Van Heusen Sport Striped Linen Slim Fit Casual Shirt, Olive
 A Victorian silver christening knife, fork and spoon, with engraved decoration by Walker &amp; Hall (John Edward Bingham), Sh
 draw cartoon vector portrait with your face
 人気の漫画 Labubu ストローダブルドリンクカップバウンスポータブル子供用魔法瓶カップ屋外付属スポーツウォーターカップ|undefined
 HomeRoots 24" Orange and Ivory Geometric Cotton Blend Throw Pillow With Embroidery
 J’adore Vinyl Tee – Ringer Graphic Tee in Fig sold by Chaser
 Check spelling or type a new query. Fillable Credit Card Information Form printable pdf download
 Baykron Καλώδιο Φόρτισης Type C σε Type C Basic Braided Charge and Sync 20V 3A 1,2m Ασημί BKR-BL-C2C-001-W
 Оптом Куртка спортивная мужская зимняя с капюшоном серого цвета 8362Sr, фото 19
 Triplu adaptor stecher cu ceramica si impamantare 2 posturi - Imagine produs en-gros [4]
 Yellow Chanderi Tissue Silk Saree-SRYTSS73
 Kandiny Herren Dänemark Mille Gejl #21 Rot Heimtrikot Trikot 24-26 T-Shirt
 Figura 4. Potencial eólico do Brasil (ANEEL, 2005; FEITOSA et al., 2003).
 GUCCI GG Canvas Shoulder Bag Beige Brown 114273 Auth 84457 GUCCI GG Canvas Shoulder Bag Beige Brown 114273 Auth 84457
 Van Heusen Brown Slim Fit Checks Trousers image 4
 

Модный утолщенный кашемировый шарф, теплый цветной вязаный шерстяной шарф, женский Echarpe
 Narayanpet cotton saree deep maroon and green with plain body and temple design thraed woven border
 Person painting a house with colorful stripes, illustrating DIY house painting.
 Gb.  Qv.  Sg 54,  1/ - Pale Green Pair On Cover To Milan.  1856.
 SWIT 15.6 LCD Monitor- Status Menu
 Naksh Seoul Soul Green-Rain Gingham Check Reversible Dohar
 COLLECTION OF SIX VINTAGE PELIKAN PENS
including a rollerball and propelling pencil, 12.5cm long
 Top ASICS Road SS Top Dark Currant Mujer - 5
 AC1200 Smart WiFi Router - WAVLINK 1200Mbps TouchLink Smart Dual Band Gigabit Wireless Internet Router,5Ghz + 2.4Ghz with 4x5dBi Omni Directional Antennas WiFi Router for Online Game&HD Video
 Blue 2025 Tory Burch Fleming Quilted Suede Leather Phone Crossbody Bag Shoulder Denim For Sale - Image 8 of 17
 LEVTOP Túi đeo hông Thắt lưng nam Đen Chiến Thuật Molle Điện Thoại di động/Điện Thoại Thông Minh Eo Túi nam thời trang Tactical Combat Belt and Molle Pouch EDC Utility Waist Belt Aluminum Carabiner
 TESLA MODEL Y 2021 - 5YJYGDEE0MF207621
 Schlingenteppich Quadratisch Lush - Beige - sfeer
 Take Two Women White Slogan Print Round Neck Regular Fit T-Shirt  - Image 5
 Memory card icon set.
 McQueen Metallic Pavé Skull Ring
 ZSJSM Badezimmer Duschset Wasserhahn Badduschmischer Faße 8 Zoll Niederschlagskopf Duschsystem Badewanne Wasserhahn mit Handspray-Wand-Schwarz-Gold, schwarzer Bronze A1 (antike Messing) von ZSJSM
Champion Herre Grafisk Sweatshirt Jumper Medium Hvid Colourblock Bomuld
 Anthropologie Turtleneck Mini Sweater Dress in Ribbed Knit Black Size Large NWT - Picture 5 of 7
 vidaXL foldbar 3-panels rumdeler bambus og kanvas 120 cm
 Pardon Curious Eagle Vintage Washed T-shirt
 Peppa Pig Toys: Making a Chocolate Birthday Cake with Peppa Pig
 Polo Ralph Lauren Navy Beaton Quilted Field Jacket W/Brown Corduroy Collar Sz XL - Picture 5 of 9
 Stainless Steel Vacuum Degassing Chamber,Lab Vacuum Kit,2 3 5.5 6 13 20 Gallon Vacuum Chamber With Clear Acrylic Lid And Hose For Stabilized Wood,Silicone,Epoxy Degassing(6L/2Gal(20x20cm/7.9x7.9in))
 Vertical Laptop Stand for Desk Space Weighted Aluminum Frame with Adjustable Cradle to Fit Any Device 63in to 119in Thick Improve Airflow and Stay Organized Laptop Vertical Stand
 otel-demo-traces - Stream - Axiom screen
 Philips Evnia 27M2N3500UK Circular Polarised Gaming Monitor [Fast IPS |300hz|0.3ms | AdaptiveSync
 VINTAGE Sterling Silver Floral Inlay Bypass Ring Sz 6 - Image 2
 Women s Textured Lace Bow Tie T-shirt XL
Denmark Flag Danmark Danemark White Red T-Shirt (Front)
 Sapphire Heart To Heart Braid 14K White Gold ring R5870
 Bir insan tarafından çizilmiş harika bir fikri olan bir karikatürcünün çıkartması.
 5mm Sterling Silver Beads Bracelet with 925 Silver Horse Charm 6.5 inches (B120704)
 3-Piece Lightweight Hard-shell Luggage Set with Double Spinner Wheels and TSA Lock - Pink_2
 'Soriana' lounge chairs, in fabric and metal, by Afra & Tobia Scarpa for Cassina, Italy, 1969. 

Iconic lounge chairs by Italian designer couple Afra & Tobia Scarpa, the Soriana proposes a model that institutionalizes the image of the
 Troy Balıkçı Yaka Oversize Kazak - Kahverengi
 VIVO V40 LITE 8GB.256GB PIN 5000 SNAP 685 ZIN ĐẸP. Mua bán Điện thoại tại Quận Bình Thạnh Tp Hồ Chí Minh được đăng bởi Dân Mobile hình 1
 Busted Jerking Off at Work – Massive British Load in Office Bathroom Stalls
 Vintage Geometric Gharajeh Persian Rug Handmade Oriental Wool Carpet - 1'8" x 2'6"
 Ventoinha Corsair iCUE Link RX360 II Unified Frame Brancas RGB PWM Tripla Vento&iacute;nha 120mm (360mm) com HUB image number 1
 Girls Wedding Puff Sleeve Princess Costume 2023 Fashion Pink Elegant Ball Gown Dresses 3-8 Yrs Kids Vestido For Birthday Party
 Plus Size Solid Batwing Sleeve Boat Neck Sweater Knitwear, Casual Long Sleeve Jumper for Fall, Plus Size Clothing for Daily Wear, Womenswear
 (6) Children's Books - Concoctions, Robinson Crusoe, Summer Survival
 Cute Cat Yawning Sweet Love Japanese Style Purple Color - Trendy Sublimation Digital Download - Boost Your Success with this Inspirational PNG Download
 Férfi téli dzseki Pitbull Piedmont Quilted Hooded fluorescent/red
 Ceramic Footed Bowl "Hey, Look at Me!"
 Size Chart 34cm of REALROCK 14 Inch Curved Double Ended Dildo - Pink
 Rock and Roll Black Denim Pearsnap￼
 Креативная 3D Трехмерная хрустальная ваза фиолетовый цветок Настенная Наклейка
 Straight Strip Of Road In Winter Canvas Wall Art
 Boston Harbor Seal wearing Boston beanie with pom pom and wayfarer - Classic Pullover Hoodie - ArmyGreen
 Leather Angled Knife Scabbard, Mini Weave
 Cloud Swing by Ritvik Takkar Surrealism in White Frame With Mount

###

The problem
Beginning with the opening line above, retype the records exactly through the line with "Top ASICS Road SS Top Dark Currant Mujer - 5", both ends included.

Finished task
Van Heusen Sport Striped Linen Slim Fit Casual Shirt, Olive
 A Victorian silver christening knife, fork and spoon, with engraved decoration by Walker &amp; Hall (John Edward Bingham), Sh
 draw cartoon vector portrait with your face
 人気の漫画 Labubu ストローダブルドリンクカップバウンスポータブル子供用魔法瓶カップ屋外付属スポーツウォーターカップ|undefined
 HomeRoots 24" Orange and Ivory Geometric Cotton Blend Throw Pillow With Embroidery
 J’adore Vinyl Tee – Ringer Graphic Tee in Fig sold by Chaser
 Check spelling or type a new query. Fillable Credit Card Information Form printable pdf download
 Baykron Καλώδιο Φόρτισης Type C σε Type C Basic Braided Charge and Sync 20V 3A 1,2m Ασημί BKR-BL-C2C-001-W
 Оптом Куртка спортивная мужская зимняя с капюшоном серого цвета 8362Sr, фото 19
 Triplu adaptor stecher cu ceramica si impamantare 2 posturi - Imagine produs en-gros [4]
 Yellow Chanderi Tissue Silk Saree-SRYTSS73
 Kandiny Herren Dänemark Mille Gejl #21 Rot Heimtrikot Trikot 24-26 T-Shirt
 Figura 4. Potencial eólico do Brasil (ANEEL, 2005; FEITOSA et al., 2003).
 GUCCI GG Canvas Shoulder Bag Beige Brown 114273 Auth 84457 GUCCI GG Canvas Shoulder Bag Beige Brown 114273 Auth 84457
 Van Heusen Brown Slim Fit Checks Trousers image 4
 

Модный утолщенный кашемировый шарф, теплый цветной вязаный шерстяной шарф, женский Echarpe
 Narayanpet cotton saree deep maroon and green with plain body and temple design thraed woven border
 Person painting a house with colorful stripes, illustrating DIY house painting.
 Gb.  Qv.  Sg 54,  1/ - Pale Green Pair On Cover To Milan.  1856.
 SWIT 15.6 LCD Monitor- Status Menu
 Naksh Seoul Soul Green-Rain Gingham Check Reversible Dohar
 COLLECTION OF SIX VINTAGE PELIKAN PENS
including a rollerball and propelling pencil, 12.5cm long
 Top ASICS Road SS Top Dark Currant Mujer - 5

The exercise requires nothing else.